Kassel feiert aufstiegsträume, bad nauheim zittert – das derby wird trotzdem zur glut
Am Freitagabend sind die Scheinwerfer in der Eissporthalle Kassel schon um 19.30 Uhr heller als sonst. Nicht wegen der Tabelle – die ist längst klar –, sondern wegen eines Gefühls, das in Hessen seit Jahrzehnten die Pulsschläge beschleunigt: Derby ist Derby. Die Kassel Huskies haben die Playoffs sicher, der EC Bad Nauheim die Playdowns. Und trotzdem wird das Eis brennen.
Woodcroft will die glut mitnehmen
Todd Woodcroft, Kanadier mit slowakischem Pass und Olympia-Job im Gepäck, redet nicht über Punkte. Er redet über Energie. „Die Leute auf den Rängen bringen sie mit, diese Energie ist echt, sie schlägt aufs Gesicht und auf die Schlittschuhe“, sagt er und klingt dabei wie ein Mann, der weiß, dass genau diese Nächte seine Mannschaft reifen lassen. Kassel will seit Jahren zurück in die DEL, und die engen Rennen der vergangenen Saisons haben die Huskies wachsam gemacht. „Ausdauer ist Schmerz mit Adresse“, sagt Woodcroft. Disziplin sei das, was man wolle, wenn man bereits wisse, was man am meisten wolle. Freitag ist so ein Abend.
Die Halle wird wieder voll sein, 4.000 Fans, die den Atem der Gegenseite spüren wollen. Hunter Garlent, der mit acht Sekunden Overtime-Speed gegen Rosenheim den Playoff-Stempel setzte, wird zum ersten Mal seit diesem Knaller wieder auflaufen. Die Erinnerung ist frisch, das Selbstvertrauen roh. Bad Nauheim soll herhalten, damit Kassel seine Maschine schärfen kann.

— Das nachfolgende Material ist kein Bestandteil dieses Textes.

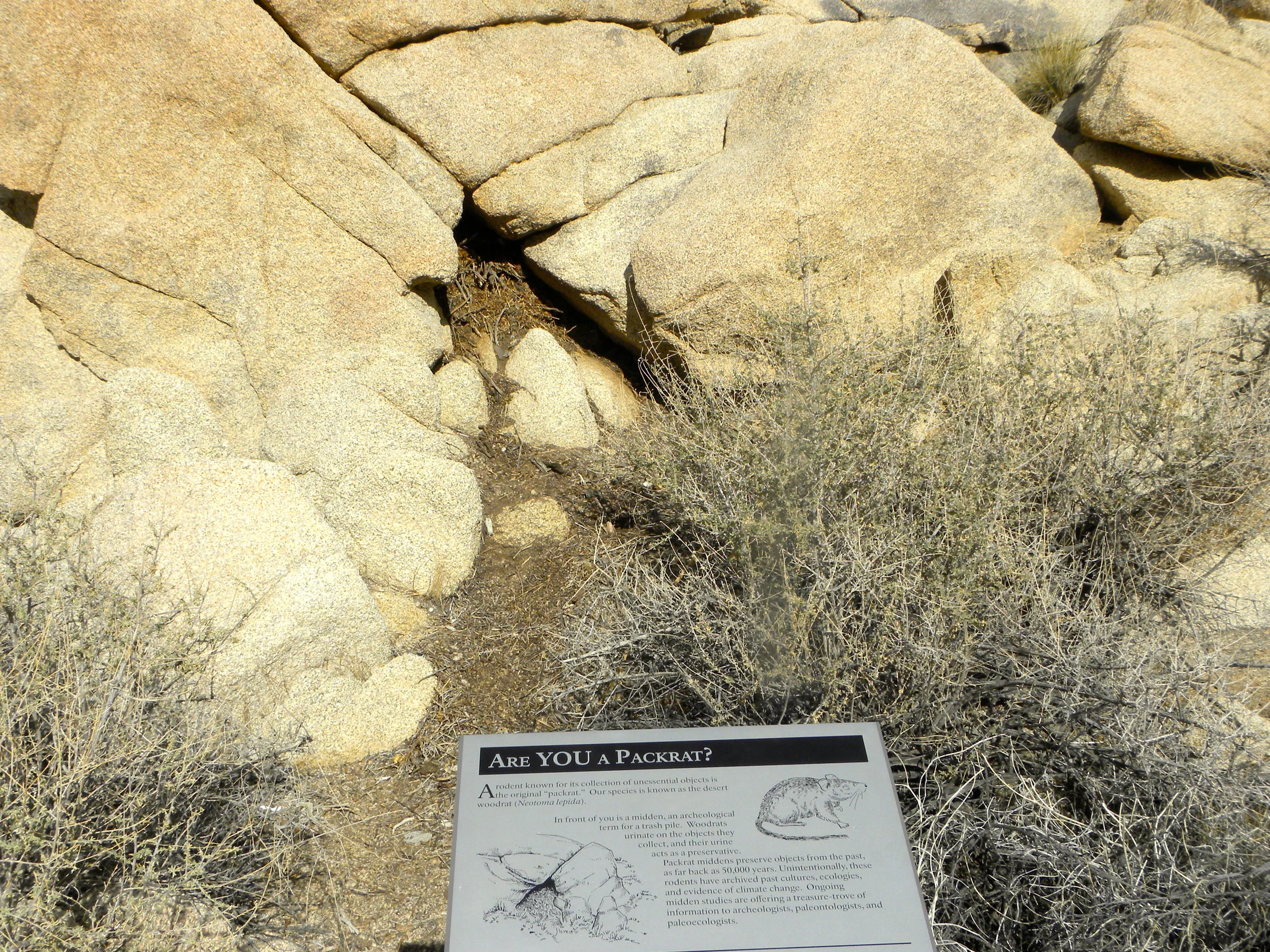 DSCN2032XXSMx 19.JPG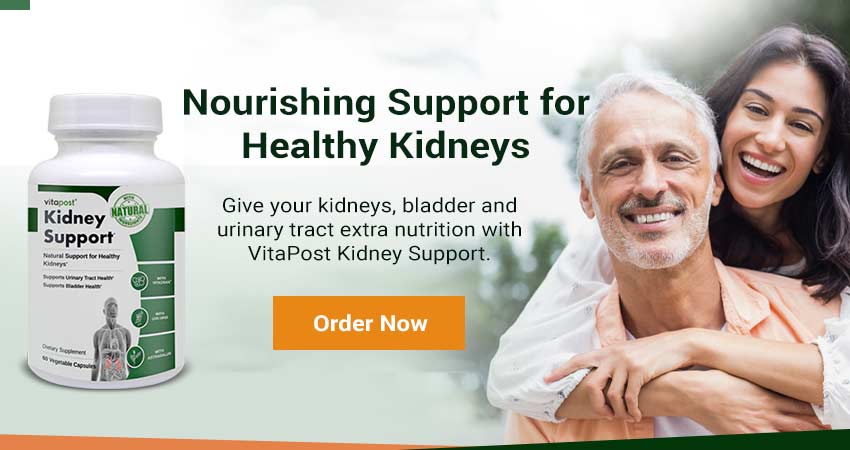 VitaPost Kidney Support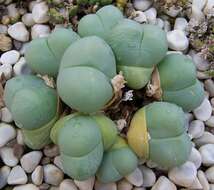 Imagem de Gibbaeum heathii (N. E. Br.) L. Bol.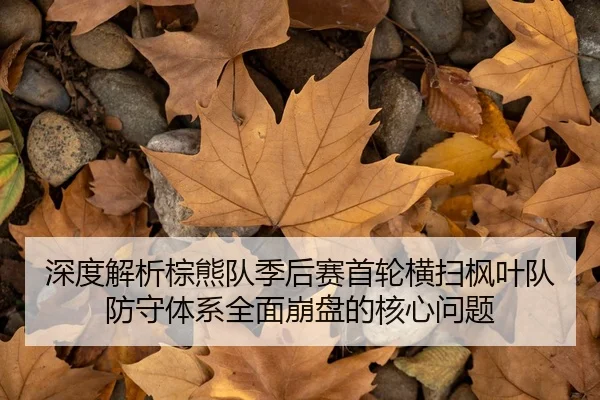 深度解析棕熊队季后赛首轮横扫枫叶队防守体系全面崩盘的核心问题
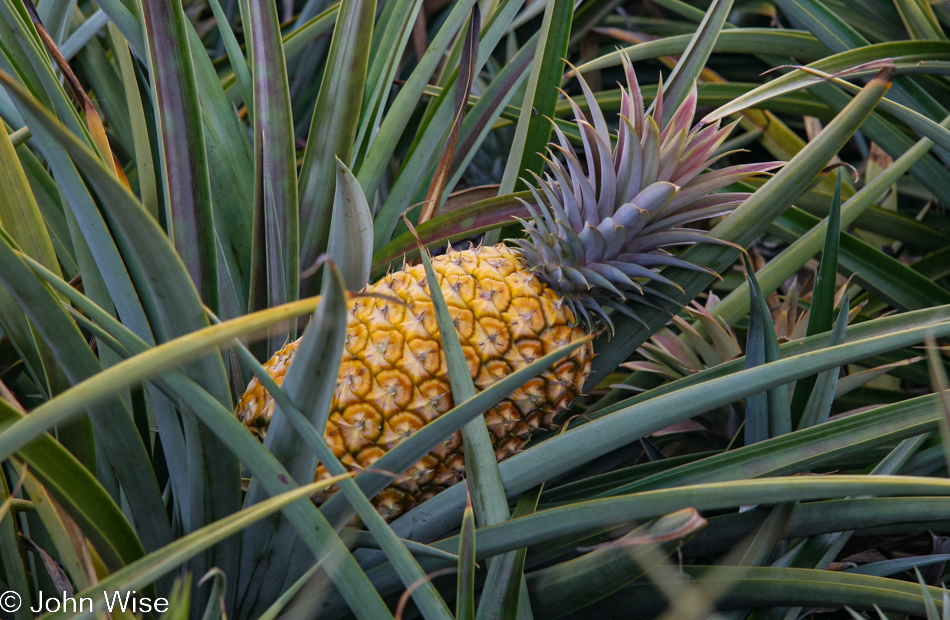 Pineapple growing on Maui Hawaii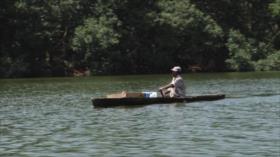 Gobierno hondureño sigue sin detener asesinatos de ambientalistas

Karhula sucht das selbstvertrauen im kühlschrank
Antti Karhula ist erst seit Februar Chef in Bad Nauheim. Der Finne hat das Derby noch nicht gespürt, aber er spürt schon, wie die Kabine zittert. Nach der 1:4-Pleite gegen Regensburg flüsterte er nur: „Same shit, different day.“ Gemeint: Chancen erarbeiten, nicht nutzen, Gegentor, Kopf hängt, nächstes Gegentor. Die Playdowns stehen fest, der Abstiegskampf auch. Karhula aber sieht eine Befreiung: „Vielleicht lockert es die Jungs, dass das Schicksal klar ist.“
Er trainierte diese Woche mit extra Videoeinheiten, in denen die Stürmer vor leeren Netzen scheiterten – nur um ihnen zu zeigen, dass der Puck auch reinfallen kann. Er will 60 Minuten Konzentration, nicht mehr und nicht weniger. „Das haben wir zuletzt nie geschafft, deshalb sind wir da, wo wir sind“, sagt er und meint die Playdowns, in denen plötzlich alles auf Null steht. Ein Sieg in Kassel wäre kein Punkte-Gewinn, sondern ein Seelen-Aufschlag.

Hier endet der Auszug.